[[ Data below, beginning ]]
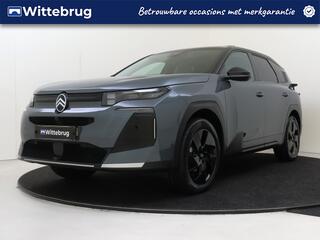 Citroen C5 Aircross 1.2 Hybrid 145 Max PANORAMISCH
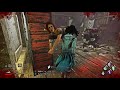 【DbD】不滅のおっさん女子【サバイバーでDead by Daylight 実況#329】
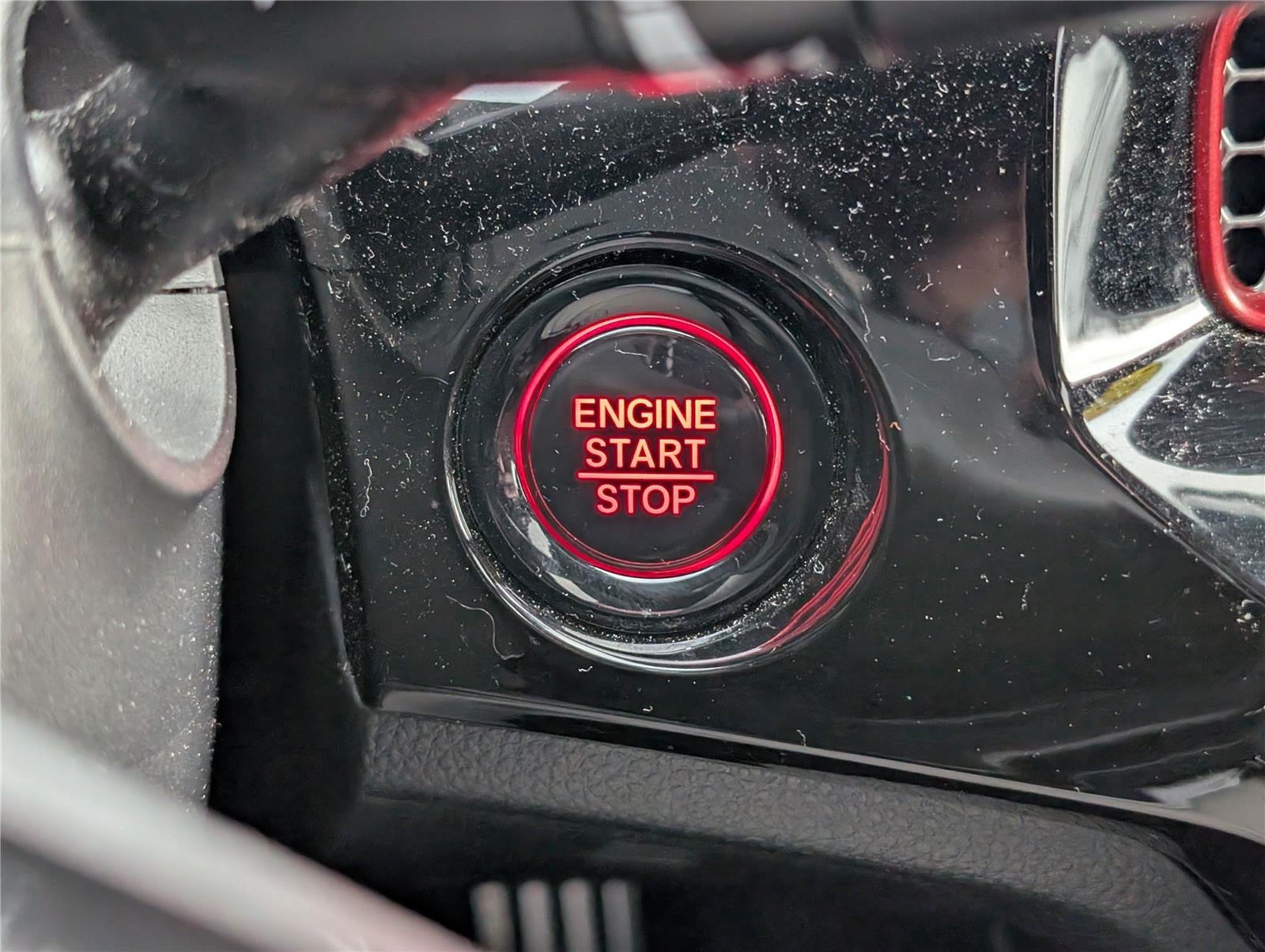 2024 Honda Civic Si Base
[[ Data below, end ]]
▶ _The task_: Without changing a word, retype the data above and omit its pictures.

▶ _Task answer_:
 Citroen C5 Aircross 1.2 Hybrid 145 Max PANORAMISCH
 【DbD】不滅のおっさん女子【サバイバーでDead by Daylight 実況#329】
 2024 Honda Civic Si Base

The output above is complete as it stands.